The global economy is caught in a vicious cycle of low growth, and even the limited improvements that could be possible over the next few years face several severe risks, the Organization for Economic Cooperation and Development said in a major report Wednesday.
Unless policymakers take action, economic growth that has lagged since the 2007-09 recession will remain “disappointing and sluggish,” hurting future generations, the Paris-based organization warned in its 2016 Economic Outlook report.
The OECD, which represents developed countries, said those economies have “struggled” in the past eight years to grow at an average annual rate of 2 percent. Trends like income inequality, slow productivity and weak investment all contributed to the problem.
The extended period of little growth has fostered a “self-fulfilling ... trap,” Catherine Mann, the OECD’s chief economist, wrote in an editorial included in the report. “Business has little incentive to invest given insufficient demand at home and in the global economy, continued uncertainties and a slowed pace of structural reform,” she added.
The OECD’s report urged leaders to reduce countries’ overdependence on monetary policy as the lone tool to spur economic growth.
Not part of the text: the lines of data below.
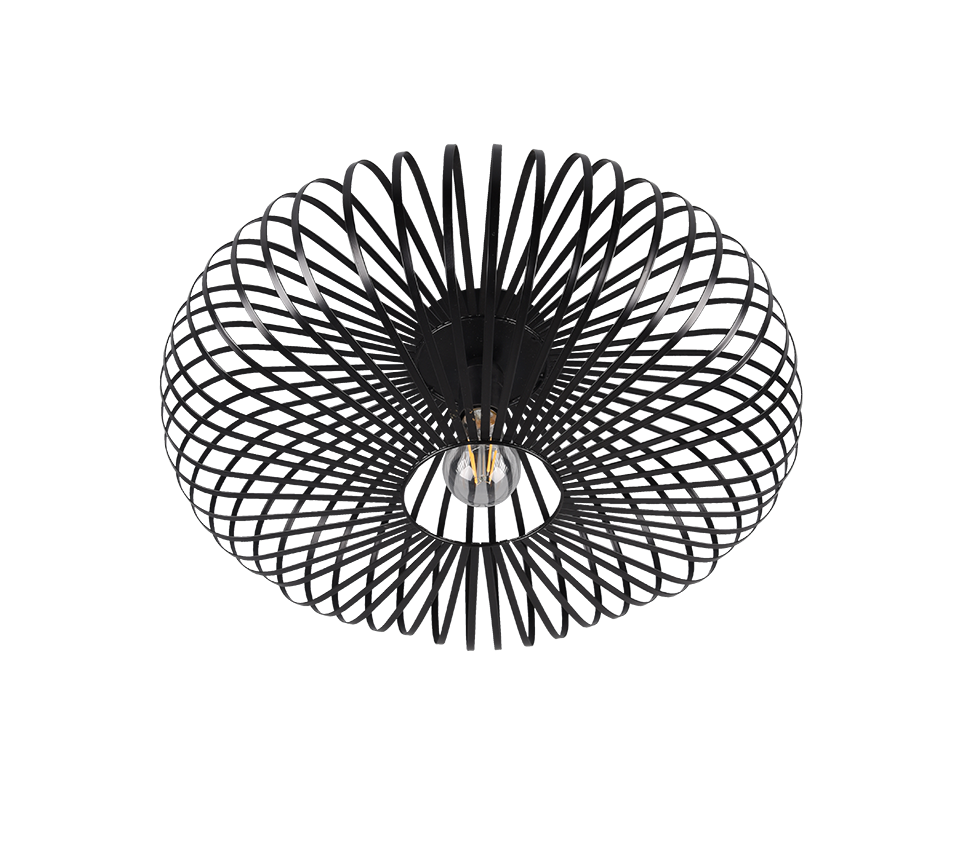 JOHANN | Ceiling lamp | Black mat | Metal
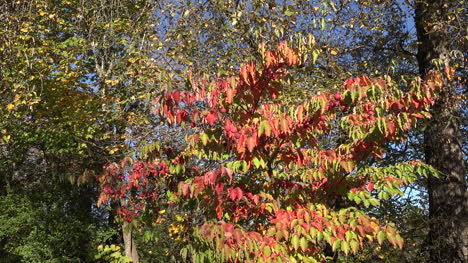 Oregon-Zoomt-Auf-Rote-Blätter-Und-Kugeln
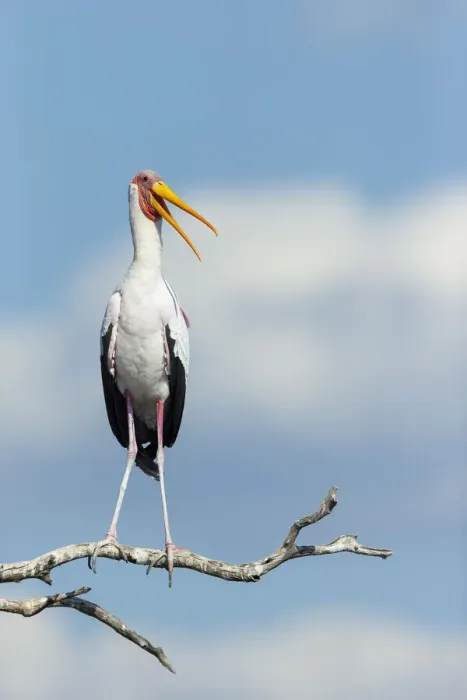Framed Print : Yellow-billed Stork (Mycteria Ibis), Chobe River, Chobe National Park, Botswana, Africa Framed Print : Yellow-billed Stork (Mycteria Ibis), Chobe River, Chobe National Park, Botswana, Africa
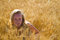 Free Pretty Woman In Wheat Field Stock Photography - 2844682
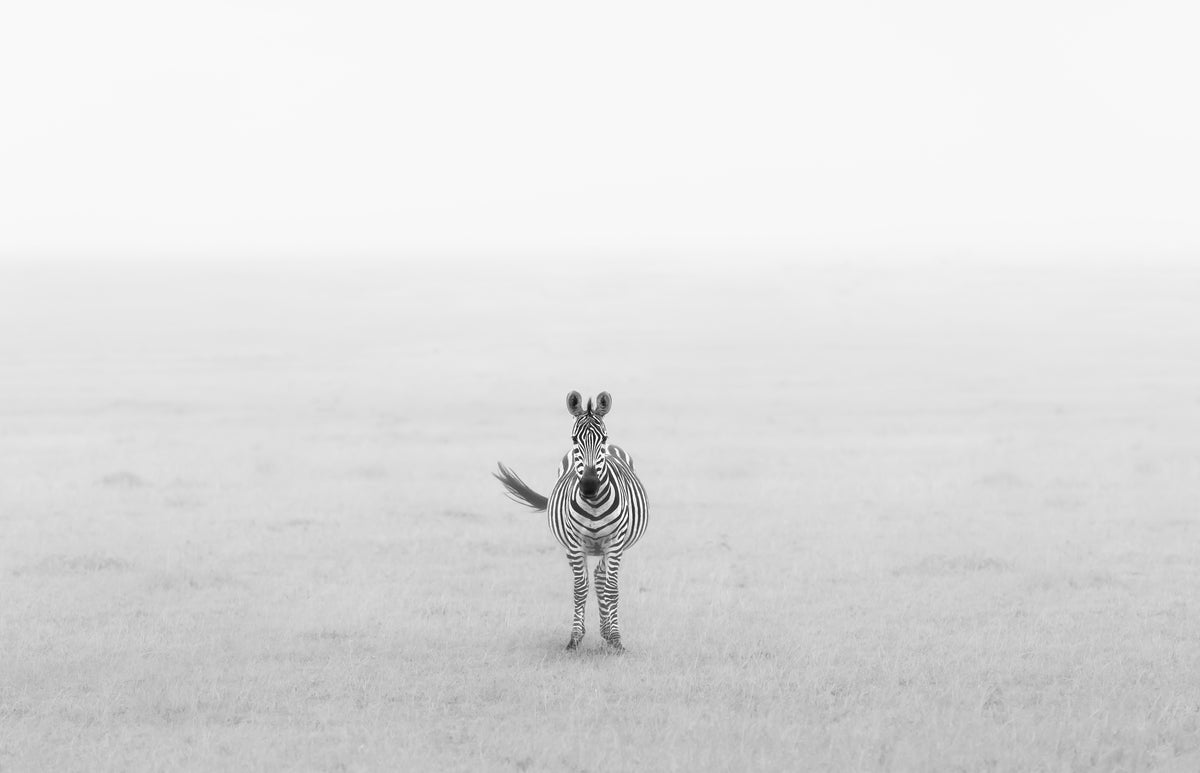Lonely Zebra Poster och Canvastavla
They should turn to fiscal and structural policy as well to help fuel investment that would jump-start their economies, the report advised.
As it stands today, the global economy could probably not withstand another major shock, Mann said.
— OECD (@OECD) June 1, 2016
Certain current events also pose significant risks to this sluggish economy, including a potential split between the EU and the U.K. and disruptions in emerging markets, said Angel Gurría, secretary general of the OECD, according to prepared remarks for the launch of the report.
The possibility of a so-called Brexit, as Britain gears up to vote June 23 on whether to leave the European Union, would hurt the U.K., European and global economies over the short and long term, the report said.
Even an optimistic outlook for 2030 projects a decrease in real GDP of more than 2 percent should the U.K. split from the EU, according to the report. Its central and pessimistic predictions hovered around 5 percent and nearly 8 percent decreases, respectively. In the short term, a Brexit could reduce the EU's GDP by more than 1 percent in 2018, the report said.
Meanwhile, emerging market economies are losing momentum. China's growth could drop to 6.5 percent in 2016 and 6.2 percent next year, the OECD’s outlook said. Brazil’s recession is projected to continue, according to the report, with its economy contracting by 4.3 percent this year and 1.7 percent in 2017.
“If we fail to reverse the productivity slowdown and if we fail to stop inequalities from rising further, we will be putting at risk the living standards of a large part of our societies,” Gurría concluded.